TASK TO COMPLETE: The answer must repeat every record exactly, with all pictures omitted.

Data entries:
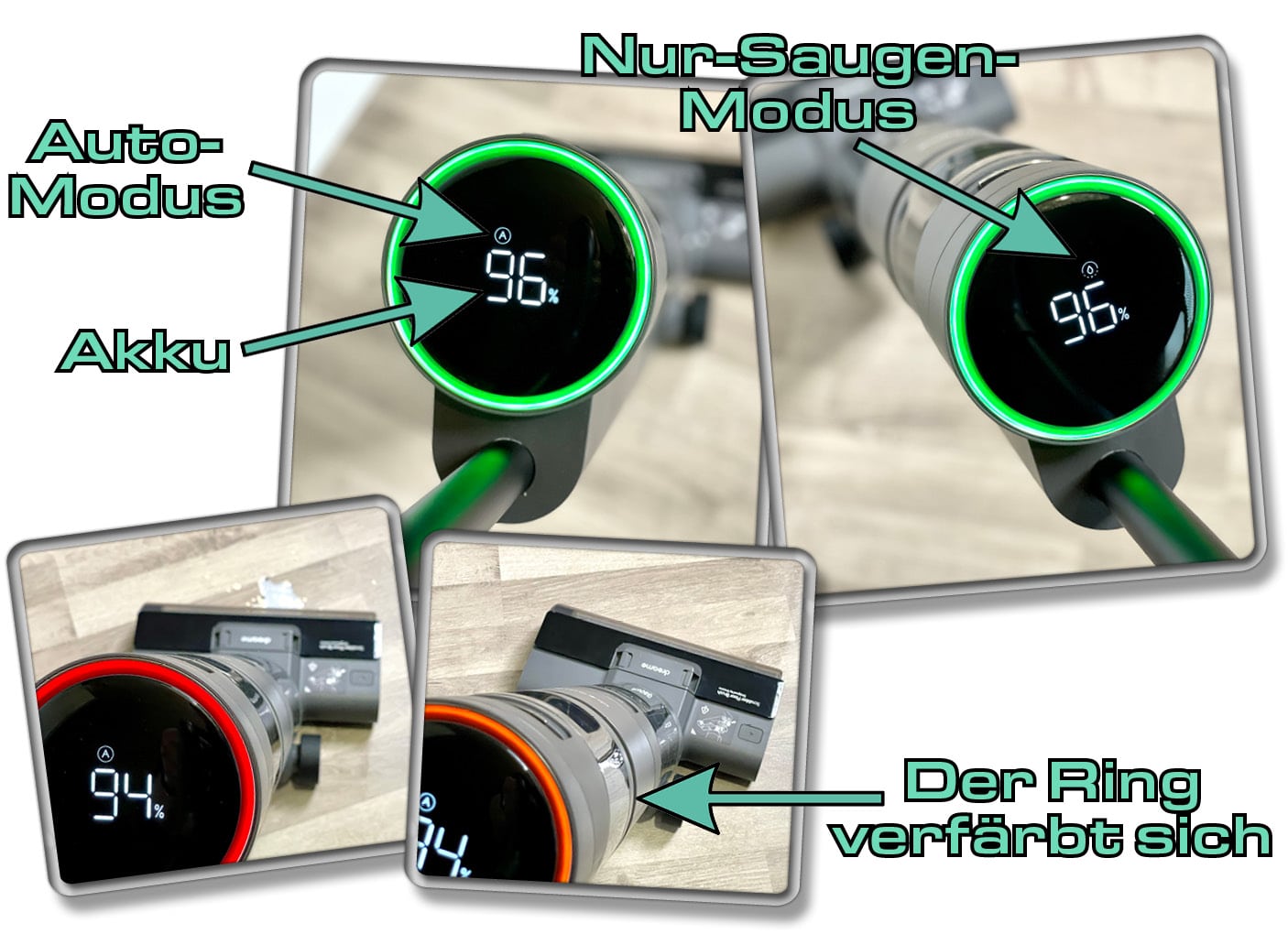Das Display des Dreame H12 ist einfach aufgebaut und zeigt immer die notwenigsten Informationen an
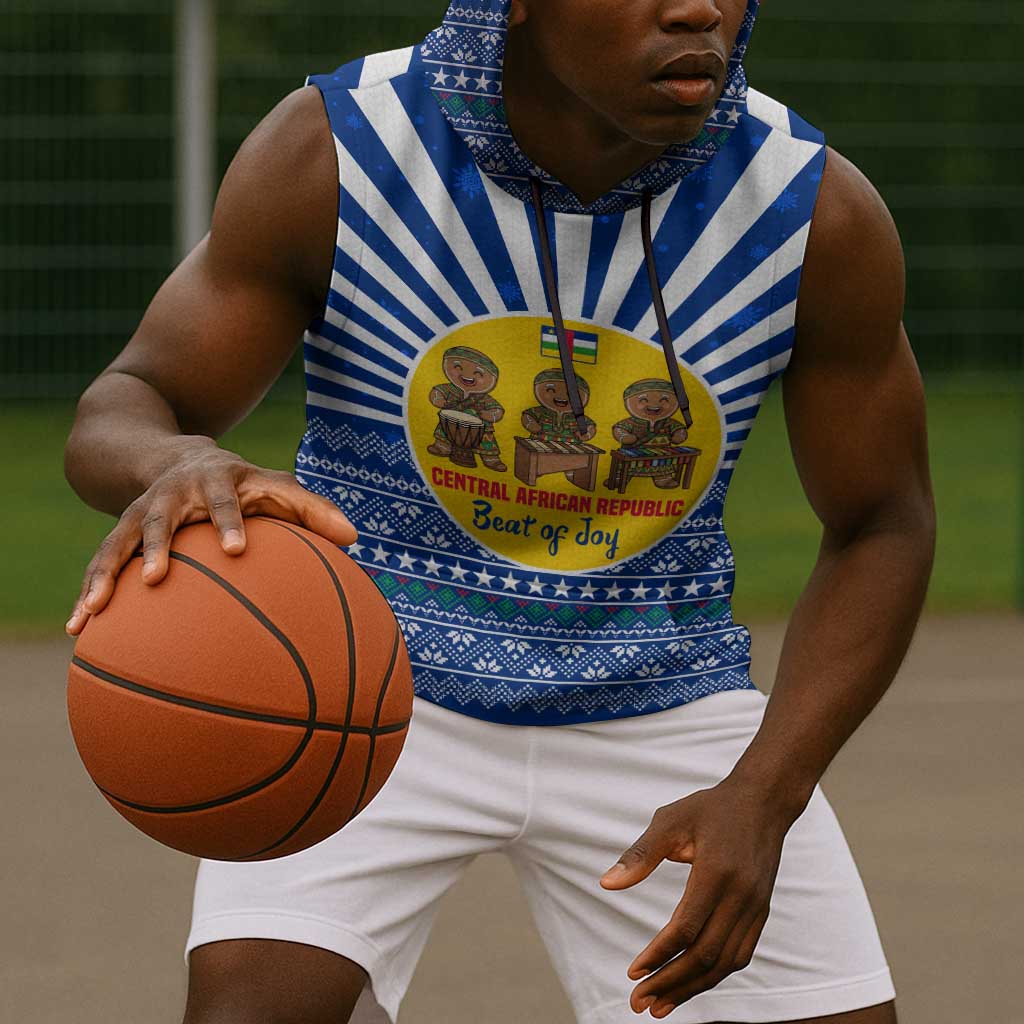 Central African Republic Christmas Sleeveless Hoodie Drumming Beat of Joy Tribal Pattern and Snowflakes - African Pride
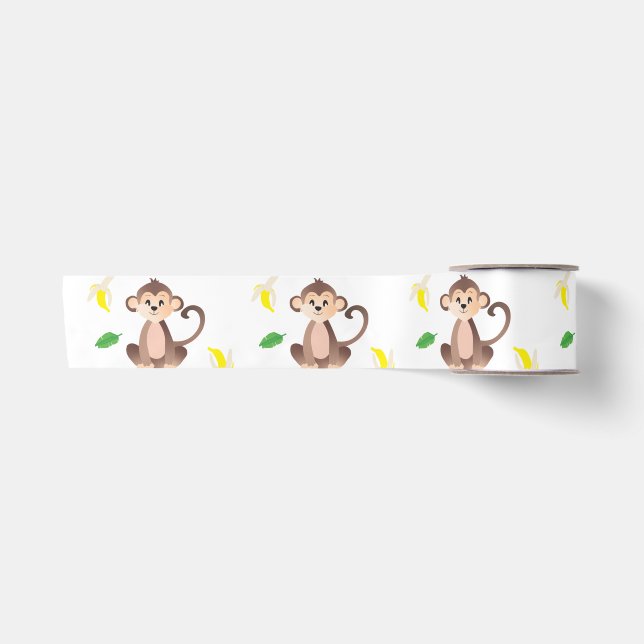 Ruban En Satin Motif de la feuille tropicale singe (Devant)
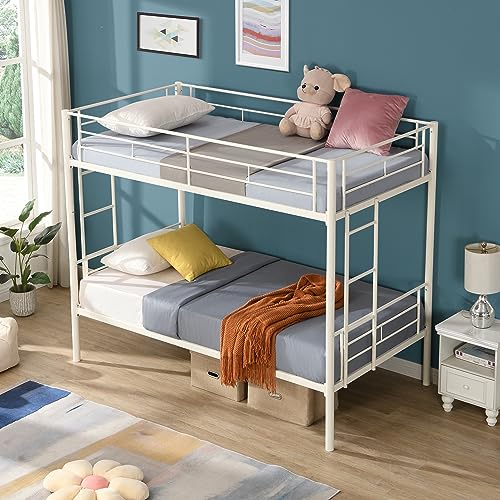 Favfurish Twin Over Twin Size Bunk Bed,Metal Structure Bedframe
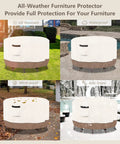 Round Outdoor Table Cover Waterproof Heavy Duty Patio Furniture Cover For 42 Inch Diameter And 28 Inch High Round Tables And Chair Sets Beige And Brown No Fuss All Weather Protection Easy Fit shown in various weather conditions.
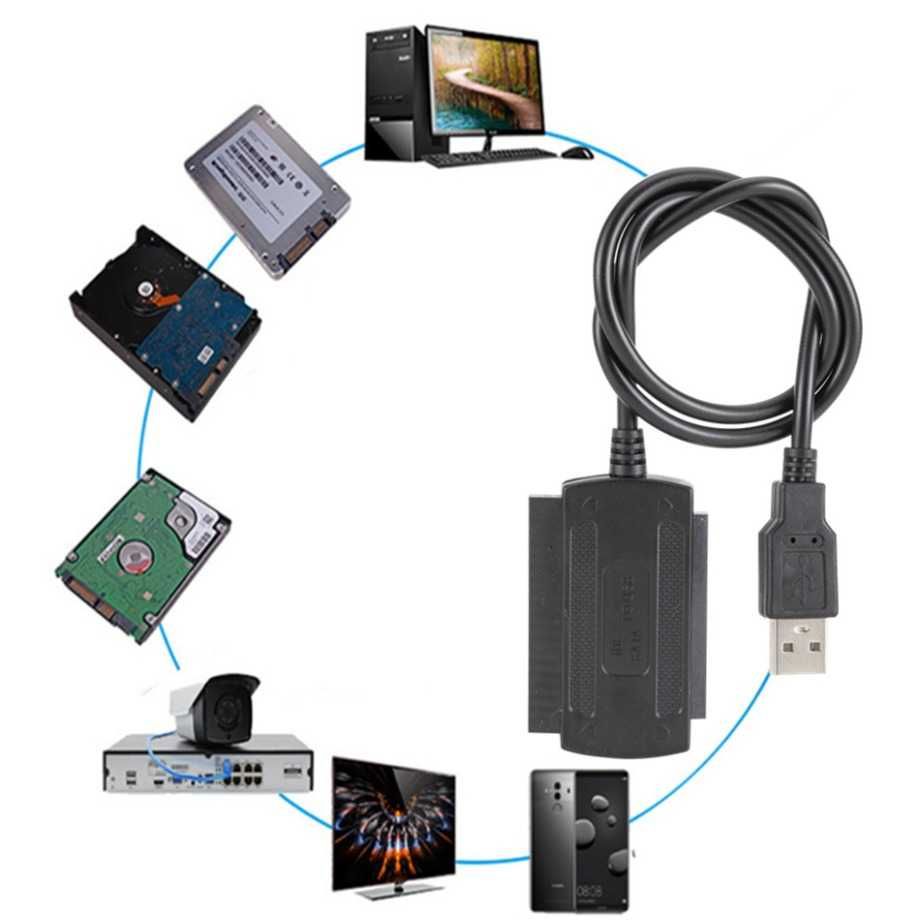 Кабель адаптер конвертер 3в1 USB IDE SATA для дисков HDD CDROM/ DVDROM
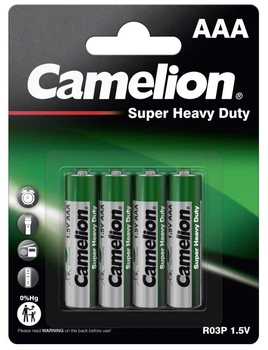 Батарейка Camelion Super Heavy Duty Green AAA/R03 BP4 4 шт (10000403) (4260033156327)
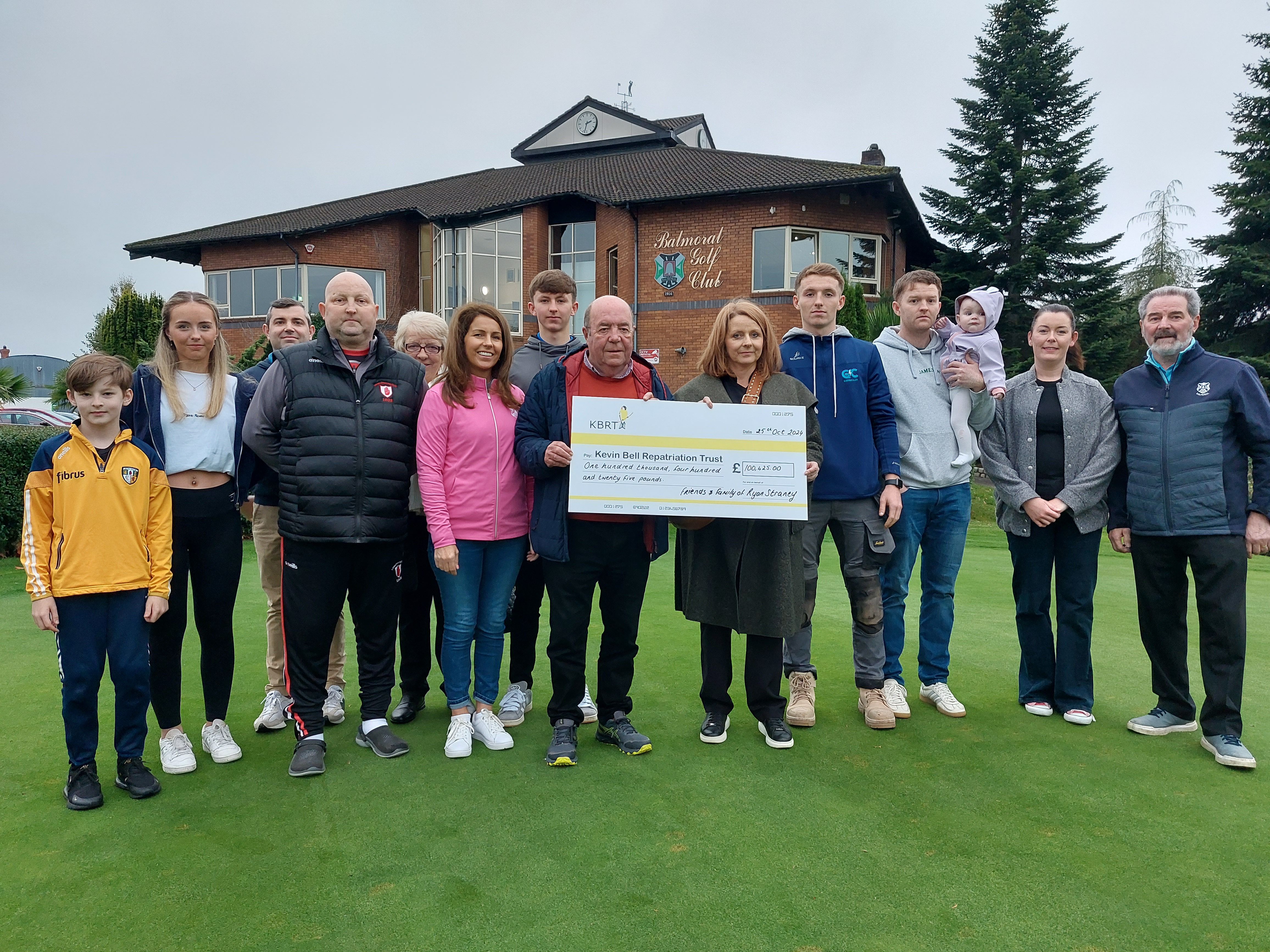 \'SIGNIFICANT AMOUNT\': Ryan\'s mum Sharon Fegan presents the cheque to Colin Bell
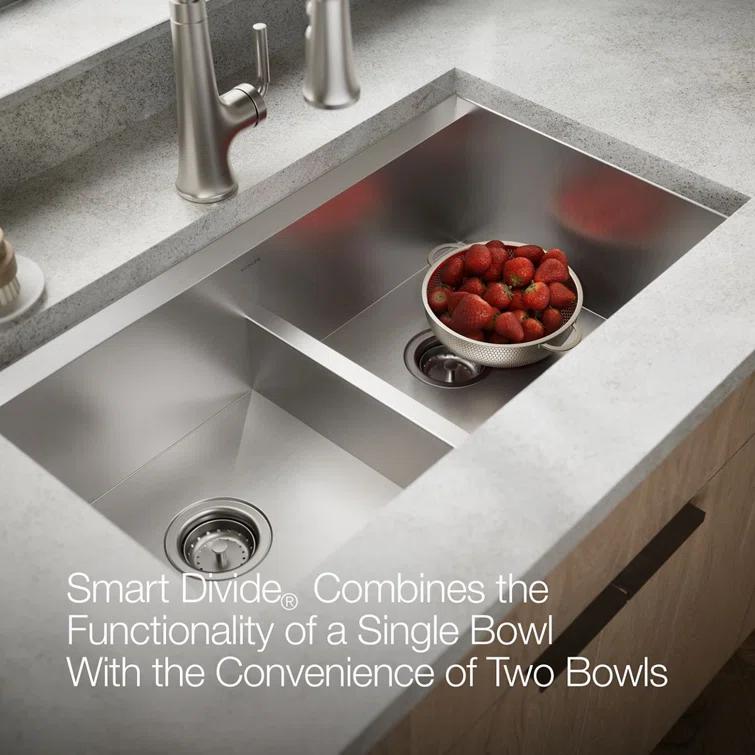 Kohler Task Smart Divide33-In X 22-In Top-Mount/Undermount Double-Equal Workstation Kitchen Sink With Accessories K-80085-1PC-NA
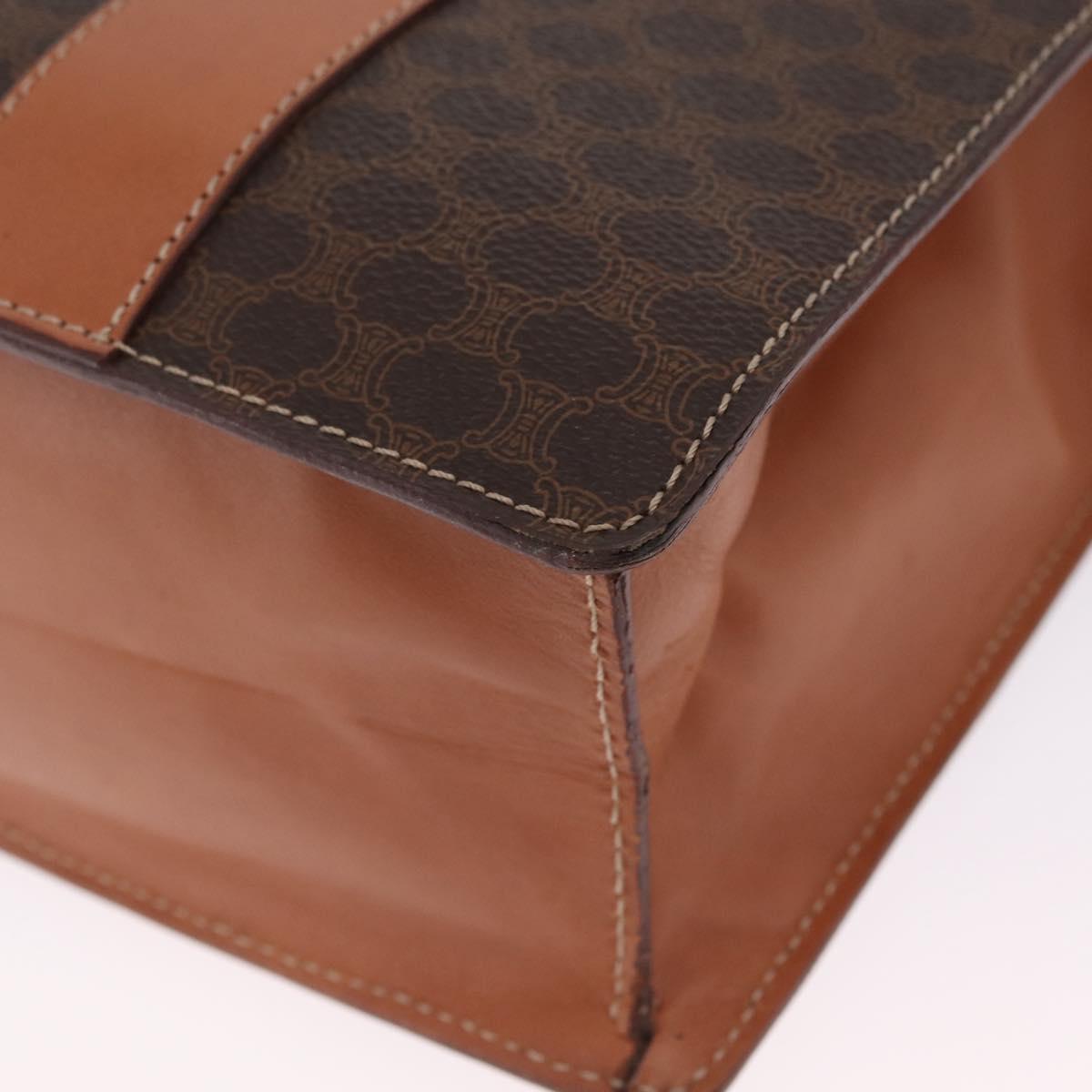 CELINE Macadam Business Bag PVC Brown Gold Tone Auth ti4052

THE COMPLETED TASK:
Das Display des Dreame H12 ist einfach aufgebaut und zeigt immer die notwenigsten Informationen an
 Central African Republic Christmas Sleeveless Hoodie Drumming Beat of Joy Tribal Pattern and Snowflakes - African Pride
 Ruban En Satin Motif de la feuille tropicale singe (Devant)
 Favfurish Twin Over Twin Size Bunk Bed,Metal Structure Bedframe
 Round Outdoor Table Cover Waterproof Heavy Duty Patio Furniture Cover For 42 Inch Diameter And 28 Inch High Round Tables And Chair Sets Beige And Brown No Fuss All Weather Protection Easy Fit shown in various weather conditions.
 Кабель адаптер конвертер 3в1 USB IDE SATA для дисков HDD CDROM/ DVDROM
 Батарейка Camelion Super Heavy Duty Green AAA/R03 BP4 4 шт (10000403) (4260033156327)
 \'SIGNIFICANT AMOUNT\': Ryan\'s mum Sharon Fegan presents the cheque to Colin Bell
 Kohler Task Smart Divide33-In X 22-In Top-Mount/Undermount Double-Equal Workstation Kitchen Sink With Accessories K-80085-1PC-NA
 CELINE Macadam Business Bag PVC Brown Gold Tone Auth ti4052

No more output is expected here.